Bis in die Mitte des 20. Jahrhunderts noch stark landwirtschaftlich geprägt, hat sich Mainfranken in den letzten Jahren zu einem modernen Industrie- und Dienstleistungsstandort entwickelt, der vom Europäischen Statistikamt Eurostat inzwischen regelmäßig unter den TOP 10 der führenden Hightech-Standorte Europas gelistet wird.

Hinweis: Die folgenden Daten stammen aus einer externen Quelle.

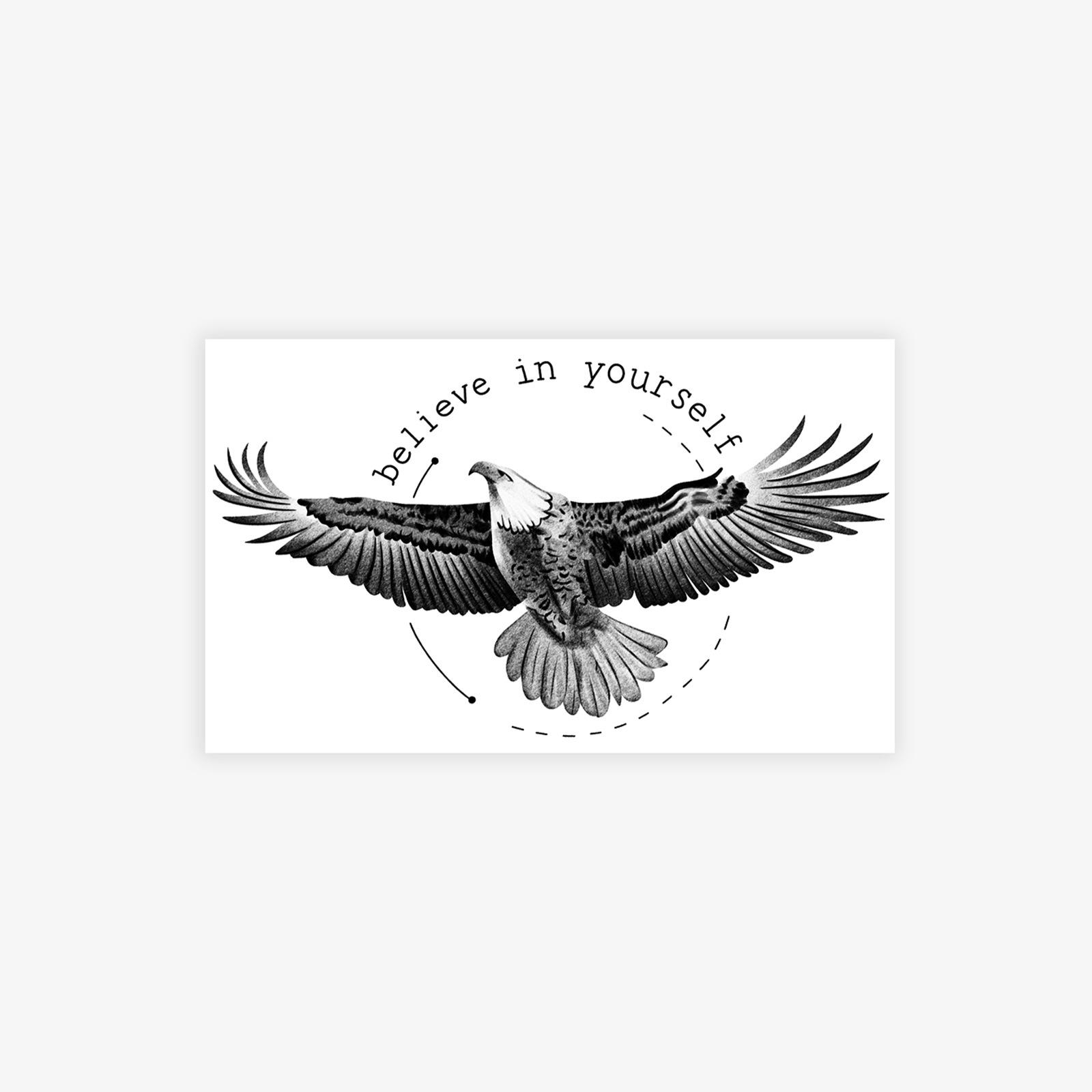 

Realistic Bald Eagle Tattoo Sticker, Waterproof And Long-Lasting, Personalized Tattoo Of Male And Female Big Arms 11*18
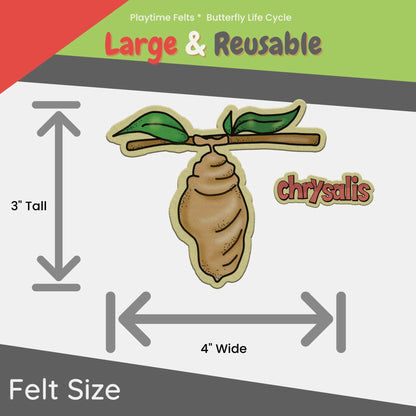 Butterfly Life Cycle | Felt Board Story Set for Preschool - Felt Board Stories for Preschool Classroom Playtime Felts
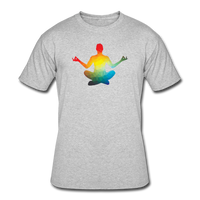 Good Vibes Clothing- "RAINBOW ZEN" Men's tee - heather gray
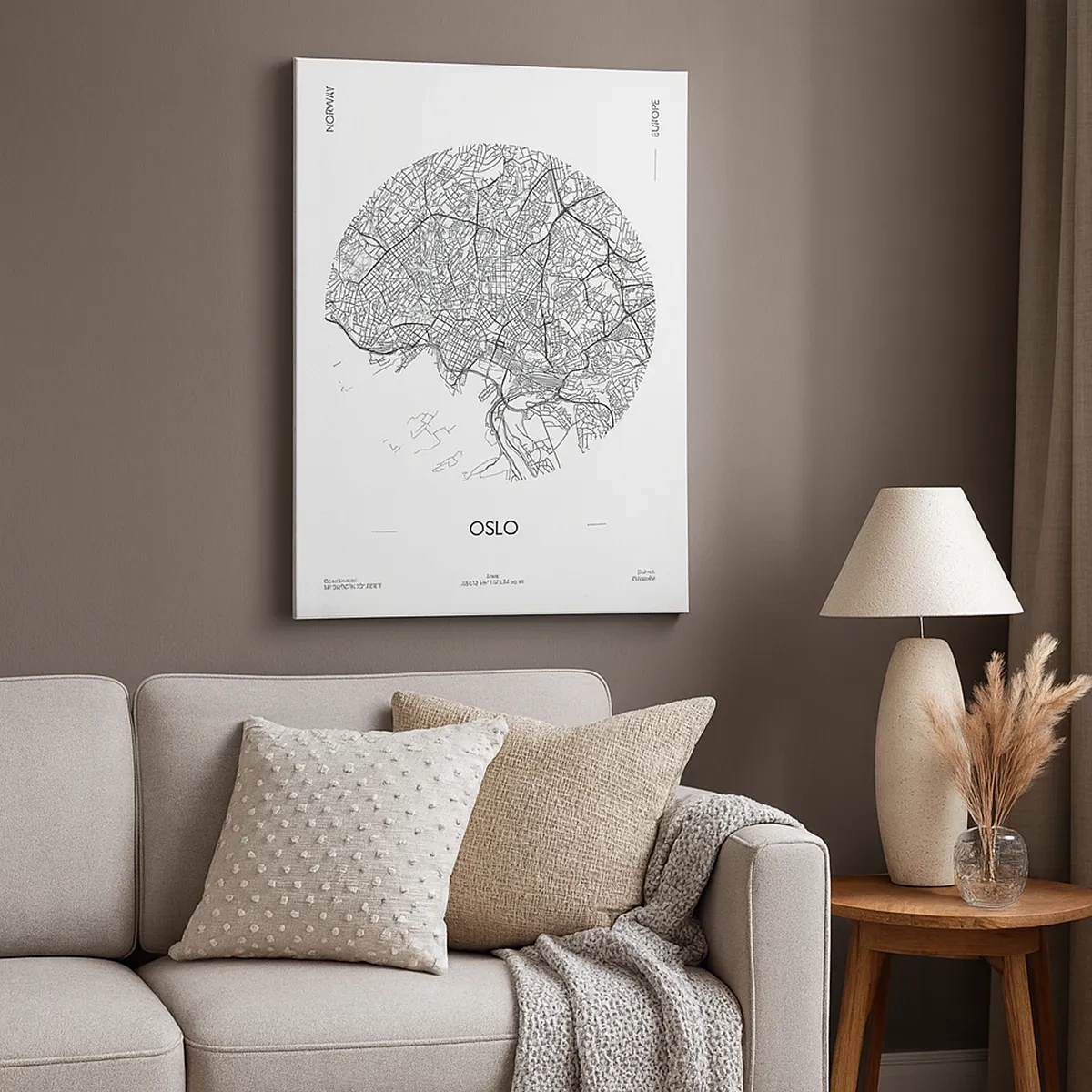 Obraz na plátne - Anatómia Osla - 50x70 cm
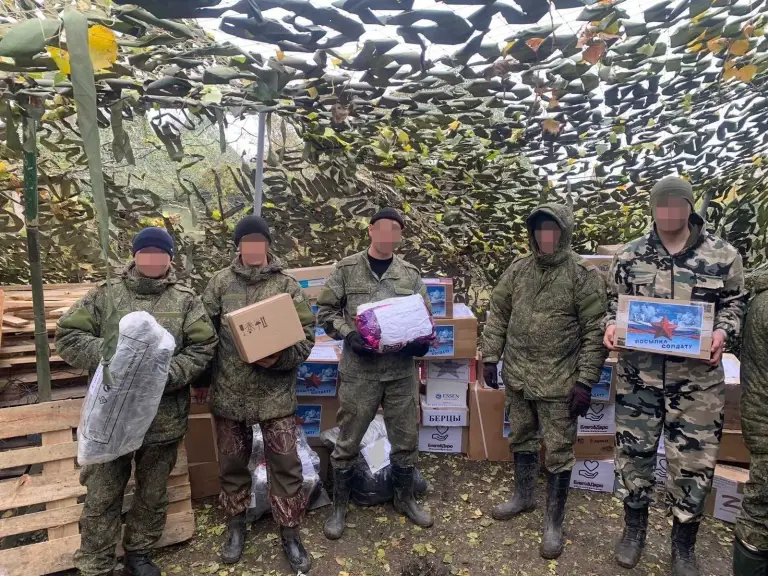 Передана гуманитарная помощь военнослужащим, находящимся в зоне СВО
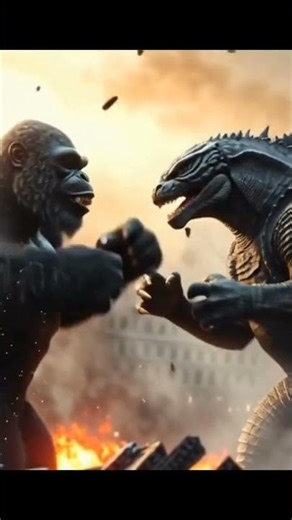 King Kong Vs Godzilla Fight #Godzilla #kingkong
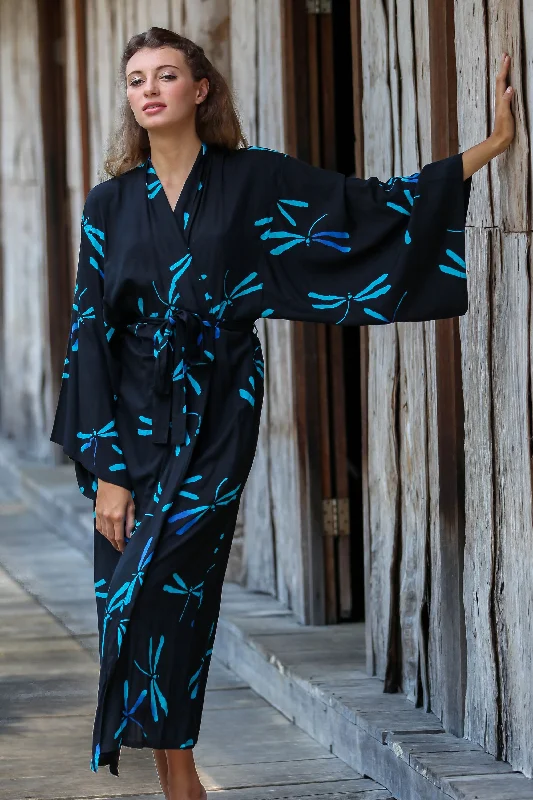 night-dragonflies-handcrafted-black-batik-robe-with-dragonflies-from-bali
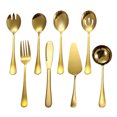thumbnail image 1 of Stainless Steel Tableware Shared Set Fork Spoon Butter Cake Shovel Service Spoon Fork Soup Leakage, 1 of 3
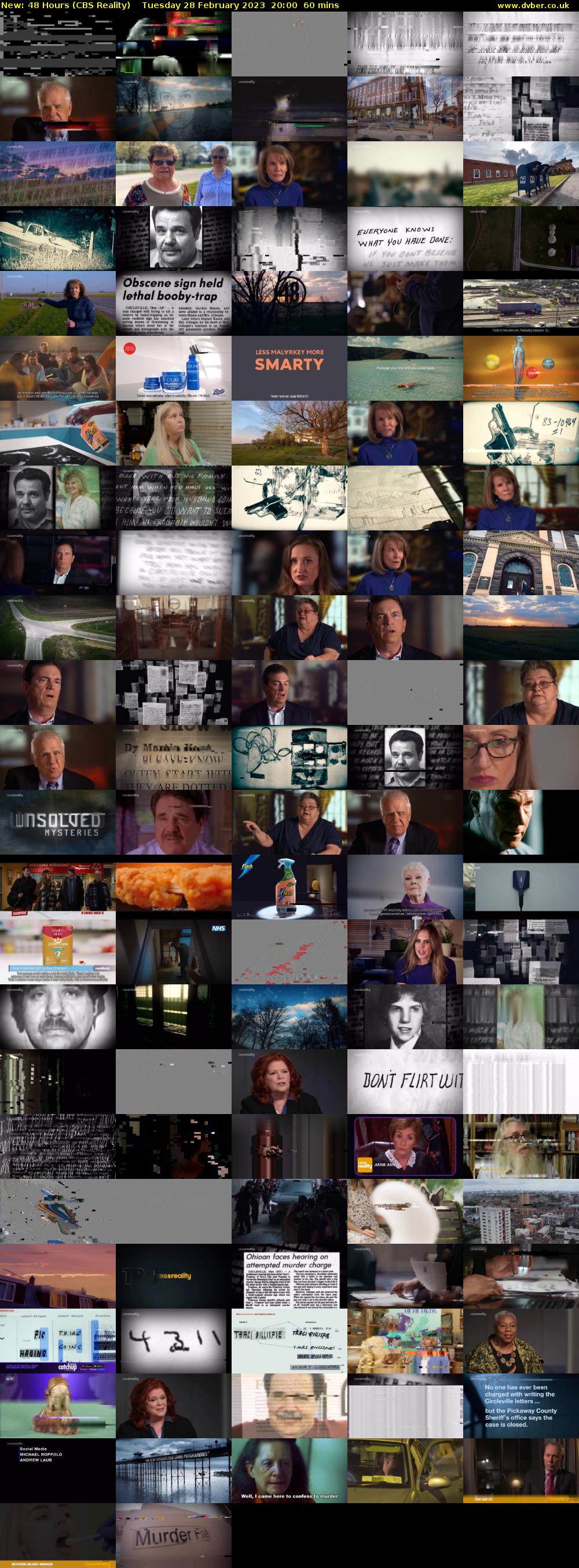 48 Hours (CBS Reality) Tuesday 28 February 2023 20:00 - 21:00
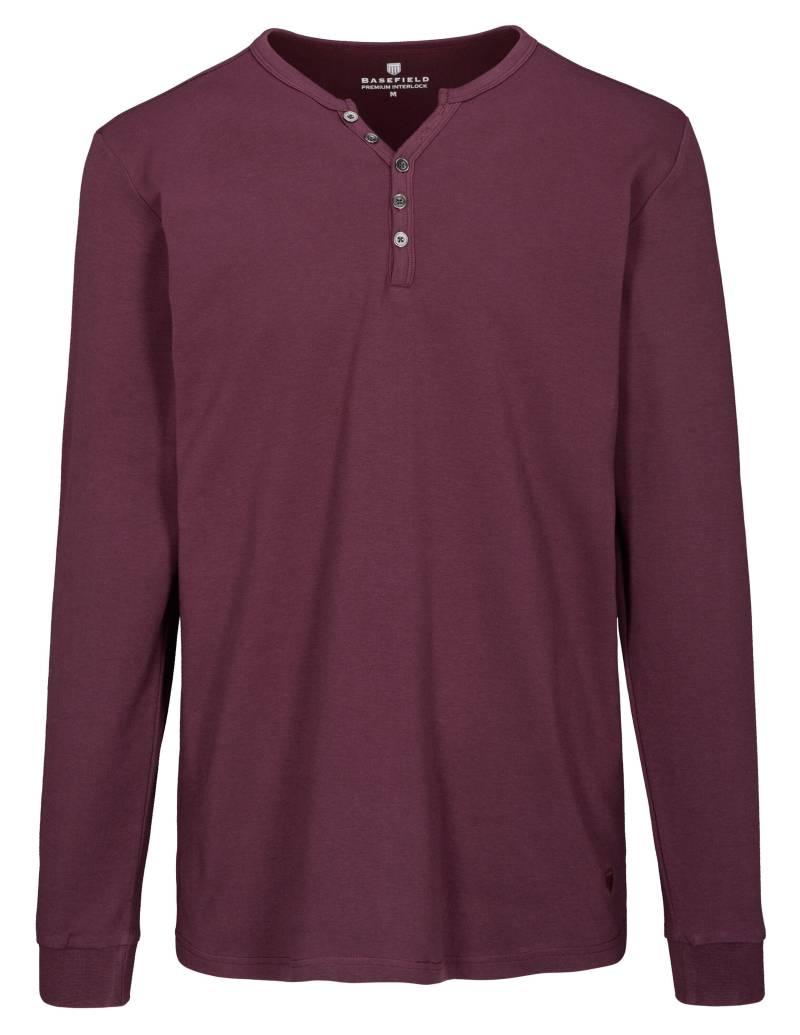 BASEFIELD - He.-Shirt Serafino wine - Gr. - 3XL von BASEFIELD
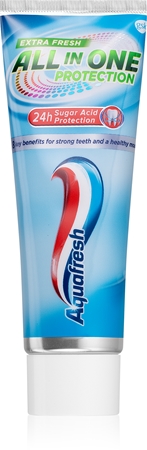 Aquafresh All In One Protection Extra Fresh Tandpasta til frisk ånde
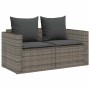 Set de muebles de jardín 5 pzas y cojines apilables gris von , Outdoor-Sofas - Ref: Foro24-4104165, Preis: 266,16 €, Rabatt: %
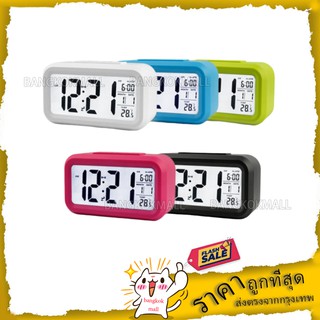 นาฬิกาปลุก ดิจิตอล LCD night light แสดงวันที่ เดือน อุณหภูมิห้อง นาฬิกาปลุกเรืองแสง Alarm Clock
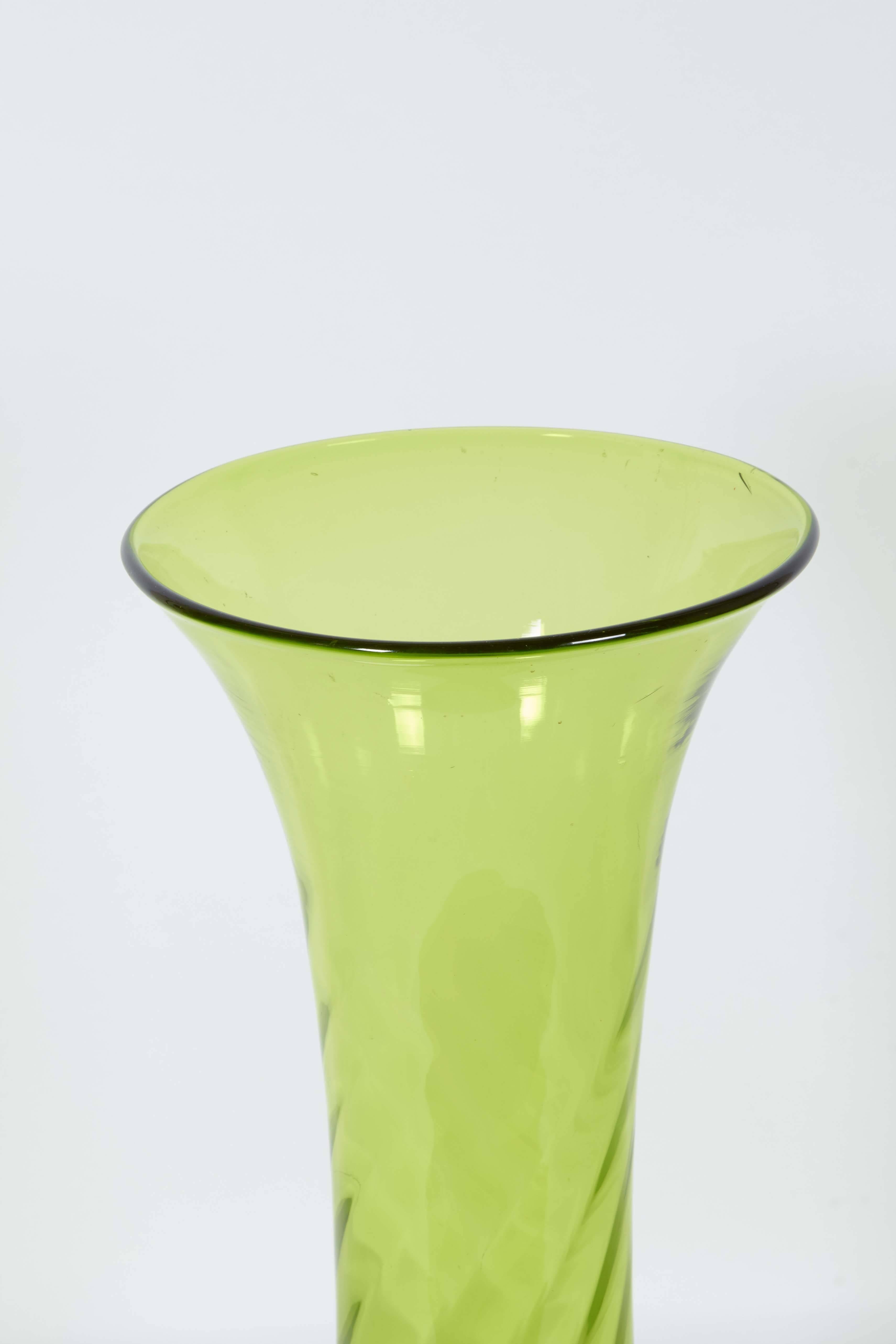 blenko floor vase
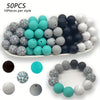Soft Silicone Floral Beads for Jewelry Making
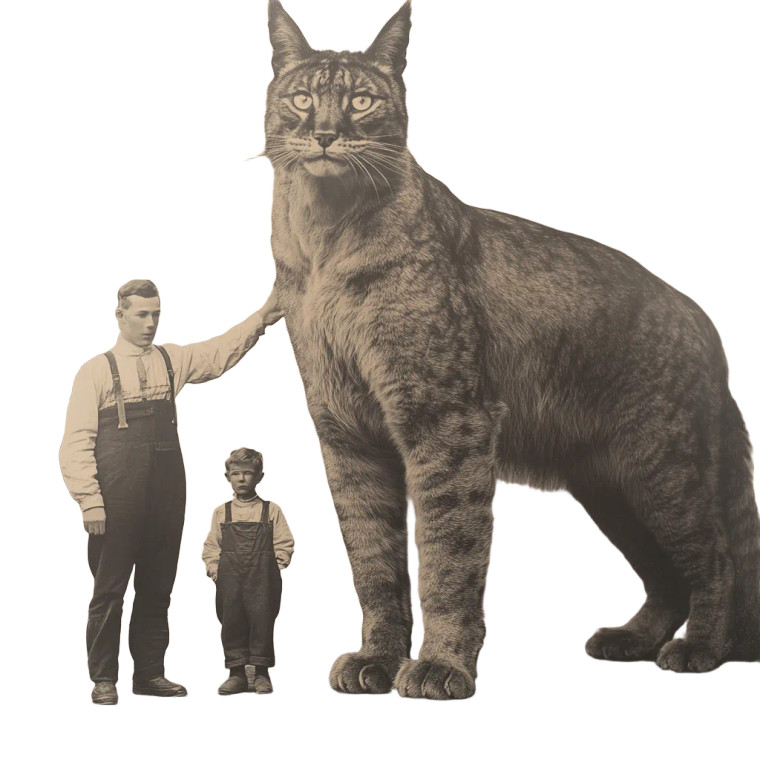 Vintage Giant Cat Boy Vinyl Car Decal Sticker – Waterproof & UV-Resistant 4.0"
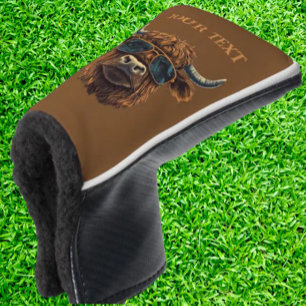 Couvre-club De Golf BOSS HIGHLANDER COW Golf Head Cover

Insgesamt sind 60.000 Unternehmen aus einem breiten Branchenspektrum in Mainfranken beheimatet. Dieses reicht von traditionellen Handwerksbetrieben über Dienstleistungsunternehmen bis hin zu Global Player und mittelständischen Unternehmen aus Industriebranchen wie Maschinenbau und Automobilzulieferung. Zu den in Mainfranken angesiedelten bekannten Marken gehören unter anderem BASF (Würzburg), Bionade (Ostheim/Rhön), Bosch Rexroth (Lohr am Main), Braun (Marktheidenfeld), Danone (Ochsenfurt), FAG (Schweinfurt), Fresenius (Schweinfurt) Knauf (Iphofen), Kneipp (Würzburg), Koenig & Bauer (Würzburg), Kühne (Sennfeld), René Lezard (Stadtschwarzach), Rhön-Klinikum (Bad Neustadt/Saale), s.Oliver (Rottendorf), Siemens (Bad Neustadt/Saale), SKF (Schweinfurt) und ZF Sachs (Schweinfurt).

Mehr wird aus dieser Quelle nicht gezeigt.